The city asked the nonprofit to cut meal prices to $ 5 per meal, even though the usual per-meal cost for the nonprofit was more than $ 10. It costs more to make the meals as the nonprofit primarily supplies groceries to the elderly and infirm in the home country, the source said.

When nonprofits struggled to get back money already spent on meals, the city signed a $ 1.9 million contract with nonprofit food company Revolution Foods in early May.

“I’m frustrated, and so are other nonprofits, because the community-level organizations that were here before and during the pandemic aren’t getting paid,” the representative said. “So instead, the city decided to join a for-profit food company based in Oakland.”

Rufino said the city is working to improve its engagement with local nonprofits.

“We definitely heard the frustration.
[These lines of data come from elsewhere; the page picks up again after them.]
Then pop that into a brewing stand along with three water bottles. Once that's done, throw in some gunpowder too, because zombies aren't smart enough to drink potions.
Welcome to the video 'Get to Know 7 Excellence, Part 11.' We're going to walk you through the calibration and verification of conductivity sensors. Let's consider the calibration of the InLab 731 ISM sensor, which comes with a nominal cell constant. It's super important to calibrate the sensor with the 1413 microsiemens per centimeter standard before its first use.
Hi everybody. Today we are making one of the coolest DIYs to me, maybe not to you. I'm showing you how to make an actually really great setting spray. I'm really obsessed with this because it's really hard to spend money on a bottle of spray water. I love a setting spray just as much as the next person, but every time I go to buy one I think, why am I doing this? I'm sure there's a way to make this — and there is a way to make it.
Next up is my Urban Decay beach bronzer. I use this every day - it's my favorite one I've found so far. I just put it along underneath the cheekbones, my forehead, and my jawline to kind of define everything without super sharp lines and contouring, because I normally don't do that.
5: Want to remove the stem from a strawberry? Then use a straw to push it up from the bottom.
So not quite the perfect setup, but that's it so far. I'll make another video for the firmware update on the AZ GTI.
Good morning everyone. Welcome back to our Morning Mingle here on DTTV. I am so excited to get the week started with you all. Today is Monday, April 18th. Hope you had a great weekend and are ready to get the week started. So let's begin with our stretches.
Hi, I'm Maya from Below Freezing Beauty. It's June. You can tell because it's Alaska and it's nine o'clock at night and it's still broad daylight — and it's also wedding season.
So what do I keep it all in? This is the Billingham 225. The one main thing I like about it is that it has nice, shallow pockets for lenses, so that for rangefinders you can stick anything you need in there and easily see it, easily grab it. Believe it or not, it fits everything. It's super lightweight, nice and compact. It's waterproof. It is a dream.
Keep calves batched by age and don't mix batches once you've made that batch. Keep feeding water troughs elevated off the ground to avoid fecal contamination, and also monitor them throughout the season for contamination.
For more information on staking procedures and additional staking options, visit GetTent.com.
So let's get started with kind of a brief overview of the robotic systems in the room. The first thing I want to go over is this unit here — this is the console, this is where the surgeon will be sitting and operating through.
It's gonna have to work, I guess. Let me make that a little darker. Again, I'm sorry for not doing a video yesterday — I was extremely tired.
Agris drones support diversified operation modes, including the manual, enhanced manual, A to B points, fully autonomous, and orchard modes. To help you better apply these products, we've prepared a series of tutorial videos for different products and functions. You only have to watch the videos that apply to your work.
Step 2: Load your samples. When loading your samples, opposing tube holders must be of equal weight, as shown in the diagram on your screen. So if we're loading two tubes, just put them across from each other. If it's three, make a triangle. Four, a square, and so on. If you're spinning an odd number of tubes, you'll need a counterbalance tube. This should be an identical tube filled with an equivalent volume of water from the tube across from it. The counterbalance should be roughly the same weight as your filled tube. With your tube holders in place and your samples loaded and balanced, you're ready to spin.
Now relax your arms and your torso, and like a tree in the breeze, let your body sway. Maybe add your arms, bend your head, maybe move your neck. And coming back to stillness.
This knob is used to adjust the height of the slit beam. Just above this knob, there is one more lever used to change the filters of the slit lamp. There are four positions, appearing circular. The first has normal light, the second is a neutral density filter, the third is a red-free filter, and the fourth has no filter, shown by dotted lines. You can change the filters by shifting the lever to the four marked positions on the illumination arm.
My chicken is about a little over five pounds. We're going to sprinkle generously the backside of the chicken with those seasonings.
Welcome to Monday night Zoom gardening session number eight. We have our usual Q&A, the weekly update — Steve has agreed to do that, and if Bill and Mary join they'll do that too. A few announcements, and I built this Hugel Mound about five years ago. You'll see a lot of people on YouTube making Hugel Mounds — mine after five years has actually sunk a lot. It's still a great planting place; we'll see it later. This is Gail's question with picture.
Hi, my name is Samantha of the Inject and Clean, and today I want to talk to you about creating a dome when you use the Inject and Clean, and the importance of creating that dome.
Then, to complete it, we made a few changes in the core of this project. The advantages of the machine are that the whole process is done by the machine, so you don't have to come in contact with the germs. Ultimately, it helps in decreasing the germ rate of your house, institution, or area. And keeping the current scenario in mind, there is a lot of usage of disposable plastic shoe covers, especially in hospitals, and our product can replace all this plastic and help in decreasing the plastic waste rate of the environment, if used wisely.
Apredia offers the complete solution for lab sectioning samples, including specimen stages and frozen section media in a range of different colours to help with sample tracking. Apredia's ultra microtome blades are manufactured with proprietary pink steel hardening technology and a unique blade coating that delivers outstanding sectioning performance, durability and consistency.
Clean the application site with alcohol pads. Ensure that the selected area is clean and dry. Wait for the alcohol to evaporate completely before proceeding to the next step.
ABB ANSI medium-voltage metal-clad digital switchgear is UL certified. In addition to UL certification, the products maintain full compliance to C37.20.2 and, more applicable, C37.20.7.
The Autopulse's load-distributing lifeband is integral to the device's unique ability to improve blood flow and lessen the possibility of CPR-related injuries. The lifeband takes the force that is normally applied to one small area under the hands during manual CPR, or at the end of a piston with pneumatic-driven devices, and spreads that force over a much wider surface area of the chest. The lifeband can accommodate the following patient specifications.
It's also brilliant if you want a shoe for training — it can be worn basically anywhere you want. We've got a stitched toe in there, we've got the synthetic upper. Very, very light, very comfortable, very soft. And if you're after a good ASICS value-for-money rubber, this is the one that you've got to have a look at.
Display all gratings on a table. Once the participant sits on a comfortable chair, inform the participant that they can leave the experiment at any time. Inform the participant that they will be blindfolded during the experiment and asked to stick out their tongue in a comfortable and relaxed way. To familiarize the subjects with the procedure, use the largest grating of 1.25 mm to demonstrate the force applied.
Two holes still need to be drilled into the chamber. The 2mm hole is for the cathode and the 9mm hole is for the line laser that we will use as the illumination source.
We met with the non-profit partners, ”said Rufino. “I am fully aware. We are aware of their frustrations and this challenge. We worked to address their frustration. “

He said the city has signed a contract with Revolution Foods to provide free and discounted lunch programs to families with children.

“The schools only offer special school meals Monday through Friday, but the hunger doesn’t stop on the weekends,” said Rufino.

Another challenge is that due to extensive documentation, it takes time to qualify for the Federal Emergency Management Agency’s funds, Rufino said. The city is still unclear how funds from the Coronavirus Aid, Aid and Economic Security Act (CARES) will be used, he added.

“You don’t want a double dip,” he said. “I didn’t get that much clarity from the CARES Act, so the city is a little more cautious on this. We take responsibility for the fact that the contract development (with the nonprofits) and execution was slow.”

For its free food delivery programs, San Jose has partnered with nonprofits including Santa Clara County’s Catholic Charities, The Health Trust, Family Bread and Fish, Hunger at Home, Santa Clara County’s FIRST 5, and Team San Jose.

City guides aim to allocate at least 79% of city funding for meals during the pandemic to nonprofits by Aug. 31, Rufino said.

But local nonprofits say the need is urgent now and they are struggling to find sources of funding while contracting with the city.

Gisela Bushey, CEO of Loaves and Fishes, said her organization produced 85% more hot meals than before the pandemic and served 335,000 meals in Santa Clara County from March to June.

Loaves & Fishes received only $ 200,000 from the city from CDBG funds. The organization needs $ 750,000 in annual funding to continue serving meals during the pandemic.

“Of course, if you are unable to recover the costs through a contract process with the city or county, we would look to other sources of funding,” said Gisela Bushey, CEO of Loaves and Fishes. “The problem is that we are all in the same boat, so to speak, that we are all trying to use all the resources available to us, and that is a finite pie.”